I know this is an old debate, but I'll chuck in my own opinion to reply to
the mail, that 'world music' is commoditising ethnicity and
homogeneising/sanitising local styles.  It's a prime example of the
fetishisation of the 'Other'. 

I also deeply resent its 'folky' image (to me, that's a middle-class
thing, but maybe I'm unfair), and the fact that some sorts of more
genuinely popular music just don't make its lists, as not being
'authentic' or whatever. (eg I love hearing Chinese [Cantonese] pop music,
slushy and torchy ballads, on community radio, but that stuff isn't
Chinese enough for WM types, and doesn't get out to wider audiences).

As an anthropologist, fighting against this sort of old-style valorisation
of the 'pure', 'folk' etc etc (see eg James Clifford's 'predicament of
culture' for the sort of arguments I'm thinking of), the project of
'world music' sets us all back about a million years. 

Meanwhile....

Another tack on the Khan and this stuff: I wondered about differentiation
within the market for 'Asian' music.  

I like Khan, but none of my mates (working class British South Asians) in
West London would touch him.  Nor do they listen to Fun-da-mental or ADF,
etc..  

Coming from White working-class British background, I meet with my mates
on a dance music ground, but we listen /dance to frankly commercial stuff.
Kamlee compilations, Satrang, you know the sort of music, and also of
course, Soul/R&B.  This is the sort of stuff that does it for us. 
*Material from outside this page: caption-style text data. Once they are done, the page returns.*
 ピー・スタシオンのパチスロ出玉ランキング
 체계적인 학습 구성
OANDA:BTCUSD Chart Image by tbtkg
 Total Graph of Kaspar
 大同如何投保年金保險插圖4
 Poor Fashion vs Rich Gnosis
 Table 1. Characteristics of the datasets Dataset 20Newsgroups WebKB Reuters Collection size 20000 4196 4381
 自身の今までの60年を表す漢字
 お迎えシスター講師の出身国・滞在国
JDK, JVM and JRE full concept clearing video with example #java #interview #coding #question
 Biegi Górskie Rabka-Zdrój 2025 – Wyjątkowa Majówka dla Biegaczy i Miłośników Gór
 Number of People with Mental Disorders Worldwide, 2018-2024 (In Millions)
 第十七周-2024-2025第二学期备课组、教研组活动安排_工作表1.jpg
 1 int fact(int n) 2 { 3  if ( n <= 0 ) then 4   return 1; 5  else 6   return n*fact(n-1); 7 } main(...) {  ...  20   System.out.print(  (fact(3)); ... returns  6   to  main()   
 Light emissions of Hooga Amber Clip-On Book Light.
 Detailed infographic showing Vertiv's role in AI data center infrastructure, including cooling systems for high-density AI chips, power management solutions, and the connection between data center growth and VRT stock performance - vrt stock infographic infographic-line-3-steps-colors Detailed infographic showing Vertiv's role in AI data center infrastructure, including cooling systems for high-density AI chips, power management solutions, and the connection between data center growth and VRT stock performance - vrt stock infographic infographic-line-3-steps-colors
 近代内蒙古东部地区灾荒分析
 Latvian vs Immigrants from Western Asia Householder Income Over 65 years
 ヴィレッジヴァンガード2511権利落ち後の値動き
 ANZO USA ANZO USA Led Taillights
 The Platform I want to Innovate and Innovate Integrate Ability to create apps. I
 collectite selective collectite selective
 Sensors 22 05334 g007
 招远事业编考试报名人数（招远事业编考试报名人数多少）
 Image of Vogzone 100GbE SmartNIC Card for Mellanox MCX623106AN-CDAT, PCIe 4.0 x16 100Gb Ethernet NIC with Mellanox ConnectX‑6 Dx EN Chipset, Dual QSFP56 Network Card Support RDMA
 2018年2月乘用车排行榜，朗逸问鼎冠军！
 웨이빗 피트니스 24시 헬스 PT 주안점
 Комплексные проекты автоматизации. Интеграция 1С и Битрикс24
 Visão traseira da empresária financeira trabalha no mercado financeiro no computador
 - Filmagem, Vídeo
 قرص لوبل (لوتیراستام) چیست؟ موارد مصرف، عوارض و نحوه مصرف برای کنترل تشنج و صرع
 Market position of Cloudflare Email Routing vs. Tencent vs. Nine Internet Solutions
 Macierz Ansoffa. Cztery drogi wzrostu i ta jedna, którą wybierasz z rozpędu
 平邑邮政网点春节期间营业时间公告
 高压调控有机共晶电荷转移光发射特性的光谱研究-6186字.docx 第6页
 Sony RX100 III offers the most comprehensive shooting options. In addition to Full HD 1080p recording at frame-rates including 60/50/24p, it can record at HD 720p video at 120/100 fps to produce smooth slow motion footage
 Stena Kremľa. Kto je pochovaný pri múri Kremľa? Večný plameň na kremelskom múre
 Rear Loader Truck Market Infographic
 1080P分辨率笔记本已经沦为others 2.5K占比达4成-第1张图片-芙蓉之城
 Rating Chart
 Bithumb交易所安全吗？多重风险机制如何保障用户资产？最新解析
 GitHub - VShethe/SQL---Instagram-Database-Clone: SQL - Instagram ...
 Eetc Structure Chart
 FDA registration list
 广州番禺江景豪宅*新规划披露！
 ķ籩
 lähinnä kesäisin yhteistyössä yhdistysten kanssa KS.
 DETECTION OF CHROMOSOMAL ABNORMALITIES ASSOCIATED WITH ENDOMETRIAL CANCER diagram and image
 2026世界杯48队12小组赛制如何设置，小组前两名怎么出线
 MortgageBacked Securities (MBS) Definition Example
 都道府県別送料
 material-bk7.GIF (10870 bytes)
I'd like to think more about who are the social groups who listen to
various genres, and how far we can identify genres / groups?

Anyone got any thoughts on these differentiations? 

cheers, 

Caroline Osella 



On Fri, 15 May 1998, evolving-AT-csi.com wrote:

> >
> > (2) I have (shame!!) a CD from the dreaded Peter Gabriel's 'realworld'
> > collection, bought in HMV world music section, sat alongside eg drummers
> > from Mali and so on.
> >
> 
> 
> Hello,
> 
> Forgive me if this is rehashing old list territory, but can I just ask - why
> is buying a Real World CD so shameful?  Do you mean that the Real world folk
> tend to homogenise and/or westernise world music??